▶ _WORK REQUEST_: Transcribe exactly the line containing "Buddha Stones Camisa" plus every later line in the data.

▶ _PROVIDED MATERIAL_:

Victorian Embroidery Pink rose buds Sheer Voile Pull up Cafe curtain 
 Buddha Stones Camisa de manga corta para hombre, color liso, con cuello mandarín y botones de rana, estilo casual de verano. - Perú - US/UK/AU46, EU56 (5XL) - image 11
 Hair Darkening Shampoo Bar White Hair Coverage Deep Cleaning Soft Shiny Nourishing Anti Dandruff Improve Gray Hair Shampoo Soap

▶ _EXERCISE RESPONSE_:
 Buddha Stones Camisa de manga corta para hombre, color liso, con cuello mandarín y botones de rana, estilo casual de verano. - Perú - US/UK/AU46, EU56 (5XL) - image 11
 Hair Darkening Shampoo Bar White Hair Coverage Deep Cleaning Soft Shiny Nourishing Anti Dandruff Improve Gray Hair Shampoo Soap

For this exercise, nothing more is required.